"L'oragé", de Douna Loup
On attendait avec impatience ce troisième roman (1), tant la singularité, la musicalité et la vitalité de l'écriture du précédent, Les lignes de ta paume , semblait prometteuse, d'autant plus que Douna Loup avait annoncé un sujet la laissant "plus libre sur le plan de l'imaginaire". Et L'oragé comble, et dépasse même, les attentes.

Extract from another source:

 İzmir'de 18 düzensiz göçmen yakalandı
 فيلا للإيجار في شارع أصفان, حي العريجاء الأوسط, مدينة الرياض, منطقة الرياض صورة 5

Si cette fiction poétique rend hommage à Jean-Joseph Rabearivelo (2), ce "prince des poètes malgaches"(3) grand admirateur de Baudelaire (4) qui vécut à Madagascar au début des années 1900, à l'apogée de la période coloniale, elle n'a rien d'un roman biographique. D'ailleurs l'auteure, s'intéressant surtout au chemin de l'eau souterraine vers sa résurgence et au passage «de l'orage au soleil», commence par s'attarder sur r ce «continent d'enfance, cette évidence des premières années restées sans clôtures», et arrête son parcours dès qu'il «marche en poète», n'abordant pas les treize dernières années de sa courte vie qui s'achèvera par un suicide.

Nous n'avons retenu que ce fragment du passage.